(Given records)

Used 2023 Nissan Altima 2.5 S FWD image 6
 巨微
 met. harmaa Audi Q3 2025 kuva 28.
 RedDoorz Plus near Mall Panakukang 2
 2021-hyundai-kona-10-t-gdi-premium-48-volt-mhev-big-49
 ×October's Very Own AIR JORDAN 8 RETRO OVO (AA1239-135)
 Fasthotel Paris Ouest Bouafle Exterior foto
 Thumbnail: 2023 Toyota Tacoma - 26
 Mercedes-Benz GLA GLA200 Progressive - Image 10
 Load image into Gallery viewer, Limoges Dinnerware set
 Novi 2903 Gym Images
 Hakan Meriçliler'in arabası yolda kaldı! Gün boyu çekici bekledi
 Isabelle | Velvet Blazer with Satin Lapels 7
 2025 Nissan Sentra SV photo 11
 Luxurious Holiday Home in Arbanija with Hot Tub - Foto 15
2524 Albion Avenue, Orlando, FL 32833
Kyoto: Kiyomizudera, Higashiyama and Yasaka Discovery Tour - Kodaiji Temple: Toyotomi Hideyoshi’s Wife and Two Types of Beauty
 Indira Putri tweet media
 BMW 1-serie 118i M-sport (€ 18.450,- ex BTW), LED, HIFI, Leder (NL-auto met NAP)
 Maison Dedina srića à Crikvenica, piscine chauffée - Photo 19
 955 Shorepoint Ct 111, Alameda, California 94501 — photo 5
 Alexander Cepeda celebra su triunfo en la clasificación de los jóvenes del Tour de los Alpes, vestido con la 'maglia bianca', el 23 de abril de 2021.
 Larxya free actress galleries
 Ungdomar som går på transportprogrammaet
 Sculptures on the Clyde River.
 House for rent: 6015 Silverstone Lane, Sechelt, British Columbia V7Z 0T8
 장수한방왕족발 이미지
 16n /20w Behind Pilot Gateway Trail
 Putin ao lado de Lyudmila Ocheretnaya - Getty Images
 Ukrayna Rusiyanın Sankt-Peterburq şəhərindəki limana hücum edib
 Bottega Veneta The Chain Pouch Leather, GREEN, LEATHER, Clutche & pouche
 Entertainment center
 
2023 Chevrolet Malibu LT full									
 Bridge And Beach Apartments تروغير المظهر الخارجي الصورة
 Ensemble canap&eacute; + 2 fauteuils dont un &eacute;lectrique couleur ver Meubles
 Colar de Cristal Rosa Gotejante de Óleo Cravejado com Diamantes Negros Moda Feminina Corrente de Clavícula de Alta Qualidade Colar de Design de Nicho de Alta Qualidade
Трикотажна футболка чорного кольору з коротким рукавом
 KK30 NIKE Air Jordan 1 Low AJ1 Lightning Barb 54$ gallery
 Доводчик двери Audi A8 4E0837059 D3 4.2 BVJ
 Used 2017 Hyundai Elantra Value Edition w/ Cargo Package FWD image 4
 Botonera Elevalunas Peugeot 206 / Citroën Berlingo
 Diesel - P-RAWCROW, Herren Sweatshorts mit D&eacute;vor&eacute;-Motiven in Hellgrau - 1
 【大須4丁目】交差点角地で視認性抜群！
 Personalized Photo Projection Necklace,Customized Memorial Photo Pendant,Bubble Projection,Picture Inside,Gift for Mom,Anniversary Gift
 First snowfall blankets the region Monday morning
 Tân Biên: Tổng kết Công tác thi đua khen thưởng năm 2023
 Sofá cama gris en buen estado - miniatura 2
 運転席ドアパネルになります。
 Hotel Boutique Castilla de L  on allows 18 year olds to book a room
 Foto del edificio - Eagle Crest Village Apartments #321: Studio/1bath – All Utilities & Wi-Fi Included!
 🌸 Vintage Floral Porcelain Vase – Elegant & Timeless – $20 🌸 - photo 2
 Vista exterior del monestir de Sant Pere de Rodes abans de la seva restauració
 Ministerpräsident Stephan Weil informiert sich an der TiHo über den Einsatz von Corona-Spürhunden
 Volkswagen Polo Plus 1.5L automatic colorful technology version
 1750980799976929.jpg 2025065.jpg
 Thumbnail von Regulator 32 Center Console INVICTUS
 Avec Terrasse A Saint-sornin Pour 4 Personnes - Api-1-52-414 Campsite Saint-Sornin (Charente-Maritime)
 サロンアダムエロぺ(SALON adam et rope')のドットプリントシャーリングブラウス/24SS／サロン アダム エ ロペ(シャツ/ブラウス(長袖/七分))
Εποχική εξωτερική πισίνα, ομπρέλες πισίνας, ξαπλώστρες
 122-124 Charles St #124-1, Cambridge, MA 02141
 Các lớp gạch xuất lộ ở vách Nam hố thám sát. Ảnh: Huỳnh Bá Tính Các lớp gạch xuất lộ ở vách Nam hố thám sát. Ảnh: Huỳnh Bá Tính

(End Given records)

What needs to be done
Please return only the lines above, starting at the line that has "Bridge And Beach" and ending at the line that has "KK30 NIKE Air", keeping both and leaving each one unchanged.

Your solution
 Bridge And Beach Apartments تروغير المظهر الخارجي الصورة
 Ensemble canap&eacute; + 2 fauteuils dont un &eacute;lectrique couleur ver Meubles
 Colar de Cristal Rosa Gotejante de Óleo Cravejado com Diamantes Negros Moda Feminina Corrente de Clavícula de Alta Qualidade Colar de Design de Nicho de Alta Qualidade
Трикотажна футболка чорного кольору з коротким рукавом
 KK30 NIKE Air Jordan 1 Low AJ1 Lightning Barb 54$ gallery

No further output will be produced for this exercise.